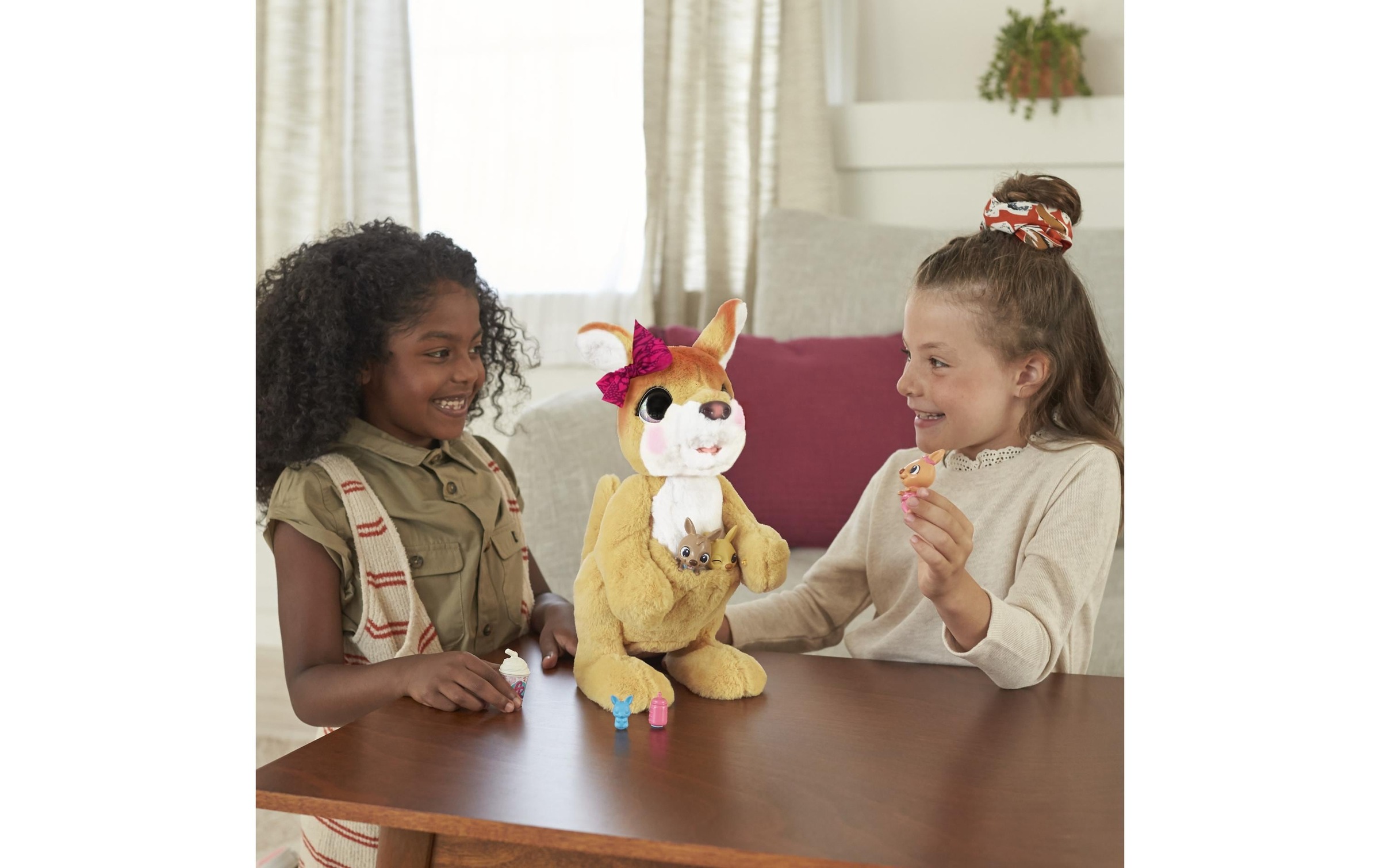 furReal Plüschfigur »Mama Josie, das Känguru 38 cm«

--

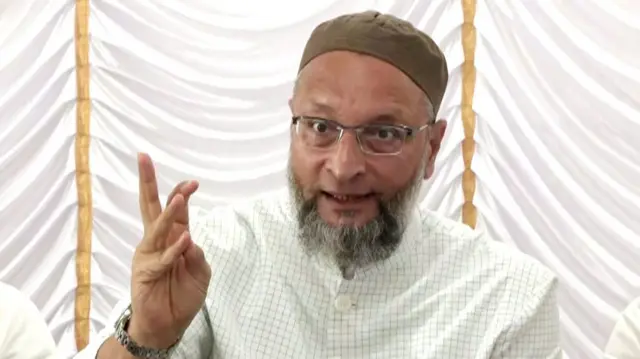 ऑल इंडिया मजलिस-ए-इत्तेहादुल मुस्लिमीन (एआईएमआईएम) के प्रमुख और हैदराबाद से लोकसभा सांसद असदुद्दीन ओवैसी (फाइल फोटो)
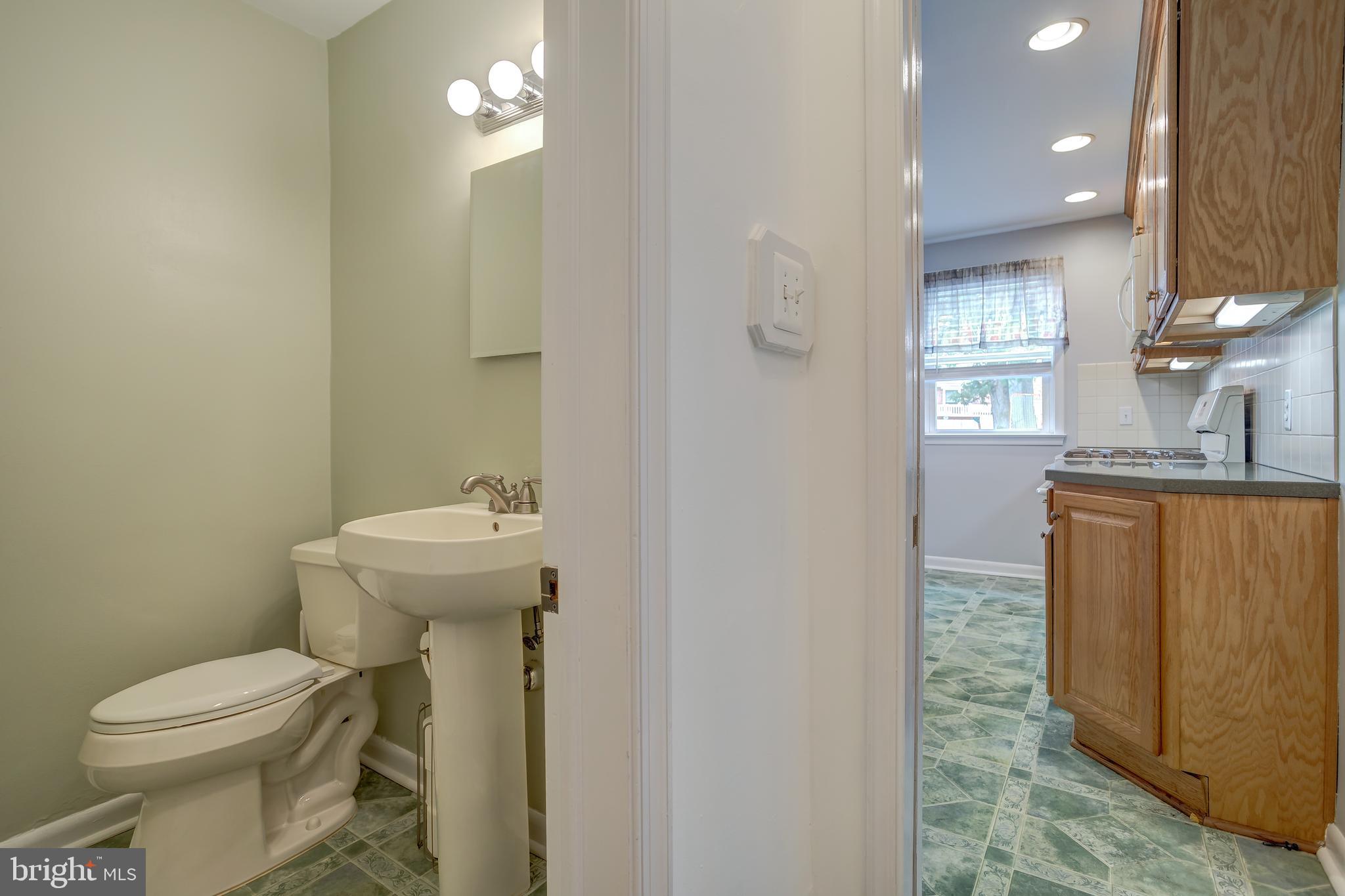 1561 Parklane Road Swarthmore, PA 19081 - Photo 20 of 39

--

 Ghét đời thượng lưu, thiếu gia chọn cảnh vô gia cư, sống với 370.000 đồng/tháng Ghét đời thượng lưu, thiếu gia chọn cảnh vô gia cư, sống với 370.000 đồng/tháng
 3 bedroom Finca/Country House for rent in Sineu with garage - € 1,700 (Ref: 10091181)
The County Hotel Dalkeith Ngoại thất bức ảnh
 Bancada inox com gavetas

--

Problem details: Give back exactly the lines above, from the line containing "The County Hotel Dalkeith Ngoại thất bức ảnh" through the line containing "Bancada inox com gavetas", with both end lines and nothing more.

Final answer:
The County Hotel Dalkeith Ngoại thất bức ảnh
 Bancada inox com gavetas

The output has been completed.